Switching To Windows 8
Stephen Kleynhans, research vice president at Gartner Inc., the leading American information technology research and advisory firm believes users should learn a lesson from the demise of Windows XP operating system and prepare in advance for the imminent migration of the operating system. The vice president even went as far as suggesting enterprises and businesses to prepare for migration now itself!
The Vice President, while speaking in a press conference said, “Microsoft recently ended support for Windows XP and even though the end date was set in 2007 based on a life cycle support policy Microsoft introduced in 2004, many organizations were not able to completely eliminate the OS by the deadline. Nearly a quarter of PCs in organizations were still running Windows XP after support ended, leaving IT to figure out how to secure Windows XP and/or find funding to do so.”

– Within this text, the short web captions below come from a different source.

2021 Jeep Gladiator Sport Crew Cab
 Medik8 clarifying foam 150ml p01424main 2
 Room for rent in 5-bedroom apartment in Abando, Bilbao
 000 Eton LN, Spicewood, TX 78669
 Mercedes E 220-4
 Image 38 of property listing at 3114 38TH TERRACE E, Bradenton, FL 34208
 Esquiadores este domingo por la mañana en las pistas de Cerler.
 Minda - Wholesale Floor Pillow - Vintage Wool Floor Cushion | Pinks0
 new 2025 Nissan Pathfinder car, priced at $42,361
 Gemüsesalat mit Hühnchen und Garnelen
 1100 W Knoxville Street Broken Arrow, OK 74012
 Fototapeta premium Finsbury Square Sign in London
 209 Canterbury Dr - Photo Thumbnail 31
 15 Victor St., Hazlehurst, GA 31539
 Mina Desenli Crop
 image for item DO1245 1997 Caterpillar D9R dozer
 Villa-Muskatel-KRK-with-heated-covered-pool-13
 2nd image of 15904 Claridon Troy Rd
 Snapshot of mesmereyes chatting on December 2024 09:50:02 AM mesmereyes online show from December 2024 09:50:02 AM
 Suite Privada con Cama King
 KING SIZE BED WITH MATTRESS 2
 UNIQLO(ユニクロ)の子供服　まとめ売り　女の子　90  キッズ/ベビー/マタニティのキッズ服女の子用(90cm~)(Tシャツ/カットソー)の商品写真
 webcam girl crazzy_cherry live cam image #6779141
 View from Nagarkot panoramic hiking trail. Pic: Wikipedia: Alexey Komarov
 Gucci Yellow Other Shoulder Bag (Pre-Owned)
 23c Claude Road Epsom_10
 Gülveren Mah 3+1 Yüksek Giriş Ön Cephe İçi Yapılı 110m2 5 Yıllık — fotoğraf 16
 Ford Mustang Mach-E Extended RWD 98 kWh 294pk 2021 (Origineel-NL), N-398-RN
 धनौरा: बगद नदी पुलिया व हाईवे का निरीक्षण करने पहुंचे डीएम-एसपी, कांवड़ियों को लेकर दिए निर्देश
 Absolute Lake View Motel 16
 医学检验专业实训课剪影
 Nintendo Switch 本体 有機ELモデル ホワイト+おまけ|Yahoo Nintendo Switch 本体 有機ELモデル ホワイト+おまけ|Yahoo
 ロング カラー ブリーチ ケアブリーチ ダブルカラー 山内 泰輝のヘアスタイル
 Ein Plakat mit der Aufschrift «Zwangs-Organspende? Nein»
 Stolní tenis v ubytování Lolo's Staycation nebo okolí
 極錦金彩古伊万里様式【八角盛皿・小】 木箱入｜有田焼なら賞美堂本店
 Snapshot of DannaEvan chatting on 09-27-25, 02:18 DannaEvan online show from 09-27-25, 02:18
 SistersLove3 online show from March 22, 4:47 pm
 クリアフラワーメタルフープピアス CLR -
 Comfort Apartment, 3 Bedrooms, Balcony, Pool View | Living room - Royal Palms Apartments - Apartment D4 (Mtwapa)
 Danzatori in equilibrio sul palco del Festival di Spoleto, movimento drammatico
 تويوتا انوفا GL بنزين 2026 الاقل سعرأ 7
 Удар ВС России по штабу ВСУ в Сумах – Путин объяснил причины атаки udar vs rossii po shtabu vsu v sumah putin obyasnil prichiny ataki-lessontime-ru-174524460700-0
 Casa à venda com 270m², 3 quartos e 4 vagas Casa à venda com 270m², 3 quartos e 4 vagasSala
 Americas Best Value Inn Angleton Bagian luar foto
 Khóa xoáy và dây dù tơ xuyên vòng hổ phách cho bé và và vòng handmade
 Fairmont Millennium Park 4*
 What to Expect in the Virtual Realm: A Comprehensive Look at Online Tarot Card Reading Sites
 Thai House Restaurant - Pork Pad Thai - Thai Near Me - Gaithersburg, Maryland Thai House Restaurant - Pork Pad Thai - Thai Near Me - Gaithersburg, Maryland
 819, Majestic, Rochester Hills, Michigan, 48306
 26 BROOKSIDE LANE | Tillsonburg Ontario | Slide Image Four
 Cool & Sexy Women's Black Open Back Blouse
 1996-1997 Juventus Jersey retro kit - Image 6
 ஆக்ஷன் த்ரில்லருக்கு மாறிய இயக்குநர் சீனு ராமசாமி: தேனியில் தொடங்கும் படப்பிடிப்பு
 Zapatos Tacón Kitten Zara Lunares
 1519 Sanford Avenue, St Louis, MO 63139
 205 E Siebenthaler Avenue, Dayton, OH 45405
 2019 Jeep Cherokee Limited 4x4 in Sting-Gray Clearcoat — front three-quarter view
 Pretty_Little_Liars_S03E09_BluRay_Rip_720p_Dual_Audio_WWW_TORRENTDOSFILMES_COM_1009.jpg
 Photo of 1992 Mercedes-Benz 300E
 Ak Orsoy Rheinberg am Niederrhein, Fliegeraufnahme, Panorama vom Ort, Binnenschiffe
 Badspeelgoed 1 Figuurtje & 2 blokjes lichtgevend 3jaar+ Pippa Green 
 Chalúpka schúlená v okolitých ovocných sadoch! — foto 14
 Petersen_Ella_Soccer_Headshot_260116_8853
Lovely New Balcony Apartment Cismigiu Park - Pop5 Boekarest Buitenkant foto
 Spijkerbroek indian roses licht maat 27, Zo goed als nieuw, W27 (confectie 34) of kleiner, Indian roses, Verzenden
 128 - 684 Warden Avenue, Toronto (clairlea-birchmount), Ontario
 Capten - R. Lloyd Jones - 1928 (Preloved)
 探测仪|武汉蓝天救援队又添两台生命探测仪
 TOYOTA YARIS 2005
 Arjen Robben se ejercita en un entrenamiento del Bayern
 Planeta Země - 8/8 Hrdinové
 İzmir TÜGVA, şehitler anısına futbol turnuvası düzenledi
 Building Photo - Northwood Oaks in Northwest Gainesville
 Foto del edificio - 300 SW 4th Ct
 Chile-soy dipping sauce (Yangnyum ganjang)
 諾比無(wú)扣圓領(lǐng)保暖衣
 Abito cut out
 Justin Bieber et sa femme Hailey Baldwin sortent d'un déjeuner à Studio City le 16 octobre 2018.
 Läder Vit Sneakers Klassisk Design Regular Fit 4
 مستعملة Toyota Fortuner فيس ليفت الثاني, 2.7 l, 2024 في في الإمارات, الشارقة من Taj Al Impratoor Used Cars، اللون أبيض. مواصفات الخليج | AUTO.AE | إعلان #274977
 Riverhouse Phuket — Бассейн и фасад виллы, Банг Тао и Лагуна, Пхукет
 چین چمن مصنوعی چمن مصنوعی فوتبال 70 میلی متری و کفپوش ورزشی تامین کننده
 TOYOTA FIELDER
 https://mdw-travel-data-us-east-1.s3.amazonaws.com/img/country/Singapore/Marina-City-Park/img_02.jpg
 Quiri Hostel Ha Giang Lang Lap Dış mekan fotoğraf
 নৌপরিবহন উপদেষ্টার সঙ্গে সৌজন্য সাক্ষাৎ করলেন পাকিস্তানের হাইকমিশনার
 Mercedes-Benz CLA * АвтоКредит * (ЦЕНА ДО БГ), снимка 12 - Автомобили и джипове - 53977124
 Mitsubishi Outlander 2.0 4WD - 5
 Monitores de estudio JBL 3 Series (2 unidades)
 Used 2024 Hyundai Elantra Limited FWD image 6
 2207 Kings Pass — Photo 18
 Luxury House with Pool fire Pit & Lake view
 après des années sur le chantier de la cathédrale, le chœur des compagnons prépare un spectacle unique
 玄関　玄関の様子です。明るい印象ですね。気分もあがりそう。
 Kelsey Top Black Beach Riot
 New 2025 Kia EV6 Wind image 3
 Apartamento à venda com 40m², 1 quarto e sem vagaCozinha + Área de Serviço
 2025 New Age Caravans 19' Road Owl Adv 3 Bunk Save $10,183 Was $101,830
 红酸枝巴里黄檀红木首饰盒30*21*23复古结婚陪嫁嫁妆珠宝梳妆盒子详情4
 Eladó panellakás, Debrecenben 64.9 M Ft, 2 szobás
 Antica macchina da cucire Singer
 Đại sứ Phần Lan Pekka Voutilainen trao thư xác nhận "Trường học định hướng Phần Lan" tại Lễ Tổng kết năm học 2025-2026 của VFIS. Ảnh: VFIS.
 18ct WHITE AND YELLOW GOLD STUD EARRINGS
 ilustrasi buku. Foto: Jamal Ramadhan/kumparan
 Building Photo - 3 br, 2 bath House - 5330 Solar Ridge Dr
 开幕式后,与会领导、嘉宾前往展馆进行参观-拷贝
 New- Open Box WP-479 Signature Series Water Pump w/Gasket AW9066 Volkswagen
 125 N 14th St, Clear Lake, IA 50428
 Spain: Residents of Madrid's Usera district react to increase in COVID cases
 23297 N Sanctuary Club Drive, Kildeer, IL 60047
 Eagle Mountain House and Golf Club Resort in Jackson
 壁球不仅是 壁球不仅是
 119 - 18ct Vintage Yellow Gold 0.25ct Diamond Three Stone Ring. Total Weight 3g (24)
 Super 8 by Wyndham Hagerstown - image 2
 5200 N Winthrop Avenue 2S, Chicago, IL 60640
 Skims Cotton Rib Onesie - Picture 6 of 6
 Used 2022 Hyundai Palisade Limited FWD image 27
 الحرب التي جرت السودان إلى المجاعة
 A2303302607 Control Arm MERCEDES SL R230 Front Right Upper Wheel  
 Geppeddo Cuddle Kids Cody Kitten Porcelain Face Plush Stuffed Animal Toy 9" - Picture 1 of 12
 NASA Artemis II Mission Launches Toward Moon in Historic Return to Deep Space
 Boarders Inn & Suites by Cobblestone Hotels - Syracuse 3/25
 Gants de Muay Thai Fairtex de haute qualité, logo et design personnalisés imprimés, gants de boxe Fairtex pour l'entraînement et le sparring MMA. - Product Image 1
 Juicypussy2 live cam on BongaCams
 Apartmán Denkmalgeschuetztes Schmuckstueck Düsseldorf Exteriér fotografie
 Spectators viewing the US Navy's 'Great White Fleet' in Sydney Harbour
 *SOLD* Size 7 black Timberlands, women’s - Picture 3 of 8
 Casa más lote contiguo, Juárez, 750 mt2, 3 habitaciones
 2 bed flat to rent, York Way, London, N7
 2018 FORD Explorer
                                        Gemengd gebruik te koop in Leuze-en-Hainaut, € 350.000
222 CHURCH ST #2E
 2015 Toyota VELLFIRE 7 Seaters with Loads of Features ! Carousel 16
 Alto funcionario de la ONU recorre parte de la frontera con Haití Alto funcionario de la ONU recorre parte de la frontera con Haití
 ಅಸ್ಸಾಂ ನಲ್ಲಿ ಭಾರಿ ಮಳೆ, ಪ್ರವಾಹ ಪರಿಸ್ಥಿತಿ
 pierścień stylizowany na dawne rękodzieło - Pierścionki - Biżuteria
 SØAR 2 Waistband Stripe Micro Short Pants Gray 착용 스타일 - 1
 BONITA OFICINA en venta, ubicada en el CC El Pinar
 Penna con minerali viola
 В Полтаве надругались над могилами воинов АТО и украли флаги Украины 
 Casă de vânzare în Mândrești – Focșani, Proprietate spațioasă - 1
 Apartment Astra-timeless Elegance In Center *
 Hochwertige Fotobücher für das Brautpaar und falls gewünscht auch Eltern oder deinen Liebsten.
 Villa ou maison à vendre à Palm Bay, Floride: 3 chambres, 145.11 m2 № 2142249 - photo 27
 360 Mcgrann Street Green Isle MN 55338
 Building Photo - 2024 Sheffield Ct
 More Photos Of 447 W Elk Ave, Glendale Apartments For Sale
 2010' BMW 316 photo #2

His statements rings true since various enterprises are yet to make the switch to the operating system even though the end-of-support date was announced years ahead! He went on to say, “The end of support for Windows 7 will be January 2020, assuming there are no changes to its current support life cycle,” and added “While this feels like it’s a long way off, organizations must start planning now, so they can prevent a recurrence of what happened with Windows XP.”
He suggested that more enterprises start using Windows 8 operating system to reduce the number of Windows 7 operating systems that would have to be dealt with in the near future. This news might turn the tides in Windows 8′s favor, even though Windows 7 is winning in the race between Windows 7 vs Windows 8, albeit at a very small margin. Another alternative he suggested was to ignore migrating to a new operating system but doctor a complete system that would enable enterprises to migrate the outdated operating system without any hassles. From channeling the necessary resources to budget the migration to the logistics involved, all the important points should be factored in.
Migrating From Windows 7
He continued to explain, “The biggest problem that organizations have with upgrading to new Windows releases is ensuring application compatibility. The vast majority of Win32 applications that run on Windows 7 will run on future releases, but having applications is only one component of application compatibility.”
We hope crucial sectors, especially government institutions and banks, recognize the need to migrate from the outdated operating system before the end of support date starts. In the event of the latest release, the tides may favor Windows 8 in the race between Windows 7 vs Windows 8.